■ **Assignment**
Go to the line that contains "Soirée jeux" and transcribe from there to the end of the entries, that line and the last one included.

■ **Supplied information**
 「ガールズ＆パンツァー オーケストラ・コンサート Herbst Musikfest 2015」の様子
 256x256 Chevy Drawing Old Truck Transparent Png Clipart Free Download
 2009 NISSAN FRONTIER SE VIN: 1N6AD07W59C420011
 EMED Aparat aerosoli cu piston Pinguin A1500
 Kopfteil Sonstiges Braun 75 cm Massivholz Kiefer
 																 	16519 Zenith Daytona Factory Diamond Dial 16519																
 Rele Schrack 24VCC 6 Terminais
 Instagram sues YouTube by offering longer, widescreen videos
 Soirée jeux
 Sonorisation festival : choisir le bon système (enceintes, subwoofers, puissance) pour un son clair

■ **Your solution**
 Soirée jeux
 Sonorisation festival : choisir le bon système (enceintes, subwoofers, puissance) pour un son clair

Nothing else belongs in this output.